The comment was directed solely at funding of a public good such as hospitals, as happens in UK. I wouldn’t include Boeing in that. Healthcare, defence, education, yes, not aviation. Rather tend to agree with Tim about bankruptcy being the best course for all those highly geared businesses unable to survive a 3 month suspension of their normal activity. But you can argue it several different ways, I agreed with letting Lehmann go down, but also with propping up world financial system when the whole thing looked like toppling! Call me inconsistent if you will.

jgh
Guest
jgh

Hospitals aren’t a public good. A public good is one where use by A does not stop use by B, eg air, knowledge, street lights. If you use that hospital bed it stops me from using it, ergo hospitals are not a public good.

Bloke in Germany
Guest
Bloke in Germany

Defence is a public good but Boeing isn’t?

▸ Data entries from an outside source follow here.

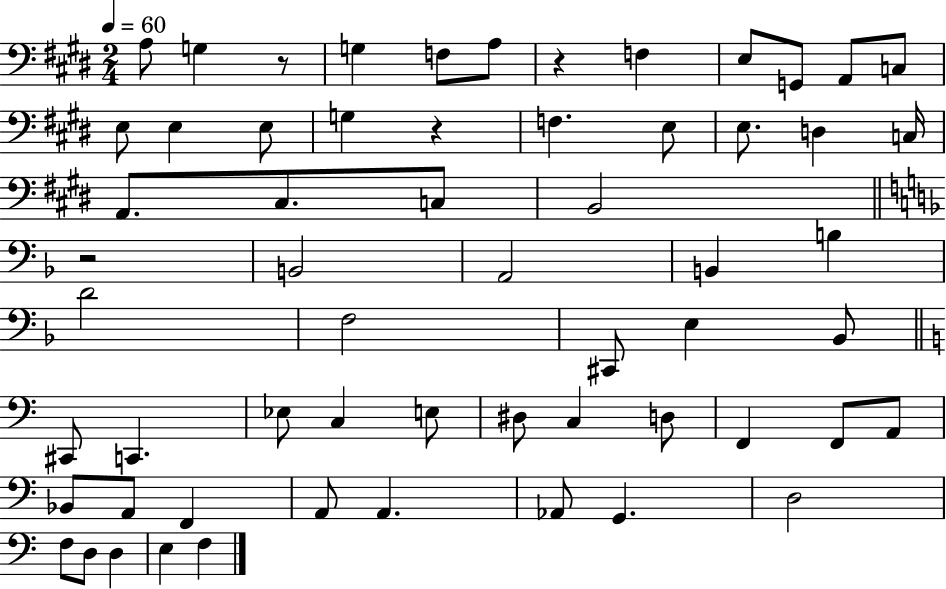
A3/e G3/q R/e G3/q F3/e A3/e R/q F3/q E3/e G2/e A2/e C3/e E3/e E3/q E3/e G3/q R/q F3/q. E3/e E3/e. D3/q C3/s A2/e. C#3/e. C3/e B2/h R/h B2/h A2/h B2/q B3/q D4/h F3/h C#2/e E3/q Bb2/e C#2/e C2/q. Eb3/e C3/q E3/e D#3/e C3/q D3/e F2/q F2/e A2/e Bb2/e A2/e F2/q A2/e A2/q. Ab2/e G2/q. D3/h F3/e D3/e D3/q E3/q F3/q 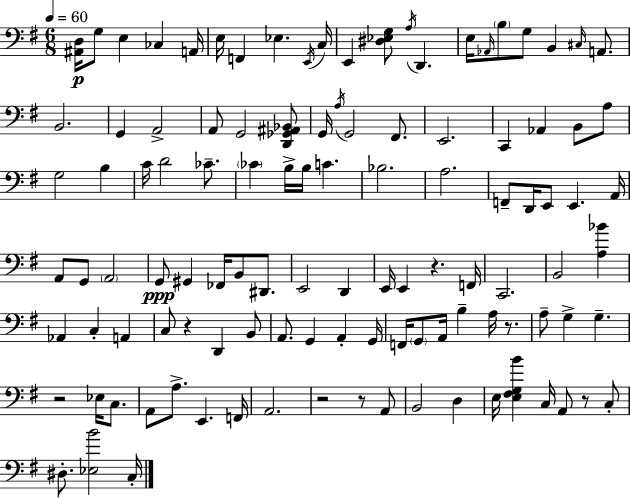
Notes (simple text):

[A#2,D3]/s G3/e E3/q CES3/q A2/s E3/s F2/q Eb3/q. E2/s C3/s E2/q [D#3,Eb3,G3]/e A3/s D2/q. E3/s Ab2/s B3/e G3/e B2/q C#3/s A2/e. B2/h. G2/q A2/h A2/e G2/h [D2,Gb2,A#2,Bb2]/e G2/s A3/s G2/h F#2/e. E2/h. C2/q Ab2/q B2/e A3/e G3/h B3/q C4/s D4/h CES4/e. CES4/q B3/s B3/s C4/q. Bb3/h. A3/h. F2/e D2/s E2/e E2/q. A2/s A2/e G2/e A2/h G2/e G#2/q FES2/s B2/e D#2/e. E2/h D2/q E2/s E2/q R/q. F2/s C2/h. B2/h [A3,Bb4]/q Ab2/q C3/q A2/q C3/e R/q D2/q B2/e A2/e. G2/q A2/q G2/s F2/s G2/e A2/s B3/q A3/s R/e. A3/e G3/q G3/q. R/h Eb3/s C3/e. A2/e A3/e. E2/q. F2/s A2/h. R/h R/e A2/e B2/h D3/q E3/s [E3,F#3,G3,B4]/q C3/s A2/e R/e C3/e D#3/e. [Eb3,B4]/h C3/s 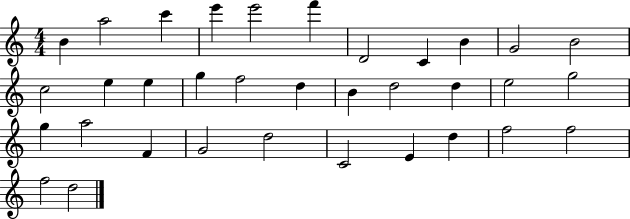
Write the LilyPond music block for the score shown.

{
  \clef treble
  \numericTimeSignature
  \time 4/4
  \key c \major
  b'4 a''2 c'''4 | e'''4 e'''2 f'''4 | d'2 c'4 b'4 | g'2 b'2 | \break c''2 e''4 e''4 | g''4 f''2 d''4 | b'4 d''2 d''4 | e''2 g''2 | \break g''4 a''2 f'4 | g'2 d''2 | c'2 e'4 d''4 | f''2 f''2 | \break f''2 d''2 | \bar "|."
} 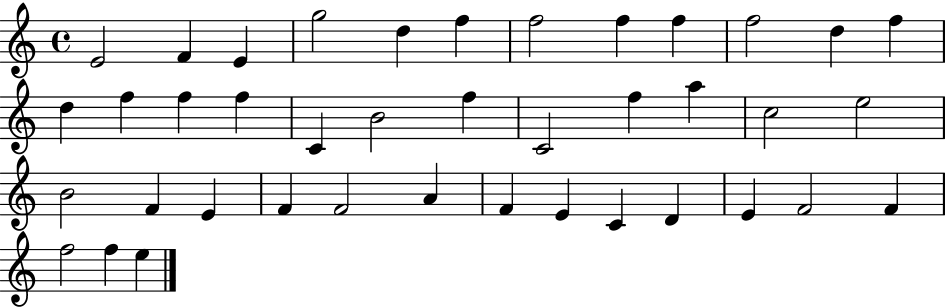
X:1
T:Untitled
M:4/4
L:1/4
K:C
E2 F E g2 d f f2 f f f2 d f d f f f C B2 f C2 f a c2 e2 B2 F E F F2 A F E C D E F2 F f2 f e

Have you thought this through?

Londoner
Guest
Londoner

You’re right, my bad.

john77
Guest
john77

I wanted Bear Sterns to go down – some idiot ordered JP Morgan to save it so people assumed that Lehman was safe and when aforesaid idiot decided to let it crash instead the mess was far far bigger than if he had let both crash or neither crash.

Spike
Guest
Spike

You don’t have an economic crash by some loans going bad. You have an economic crash by NO ONE KNOWING WHAT THE RULES ARE. (As is the case today.) This is what Geithner and Bernanke (Bush “compromise” appointees in 2006) did for the USA. Voilà, President Obama!

Londoner
Guest
Londoner

Not so. Dodgy US mortgage lenders lent a wall of Asian money to dodgy mortgagees, knowing full well what the rules were, but breaking them* . (During 2007, “defective mortgages (from mortgage originators contractually bound to perform underwriting to Citi’s standards) increased … to over 80% of production”.) And dodgy Wall Street wide boys created dodgy financial instruments to unload them onto the rest of the financial system. The rest is history. *(“In testimony to Financial Crisis Inquiry Commission, officers of Clayton Holdings—the largest residential loan due diligence and securitization surveillance company in the United States and Europe—testified that Clayton’s… Read more »

Spike
Guest
Spike

The mortgages were “dodgy” because (1) the Feds required reliance on race and class rather than ability to repay, and Bill Clinton put banks on notice that compliance would be a basis for approving the banks for ANYTHING, even opening a new branch; and (2) “Freddie Mac” and “Fannie May” famously repackaged the loans so that traders could not ascertain the quality of the debt.

The US Government REQUIRED loans to not meet minimal underwriting standards. Sorry if this doesn’t align with Salon’s opinion of who the good guys and the bad guys are.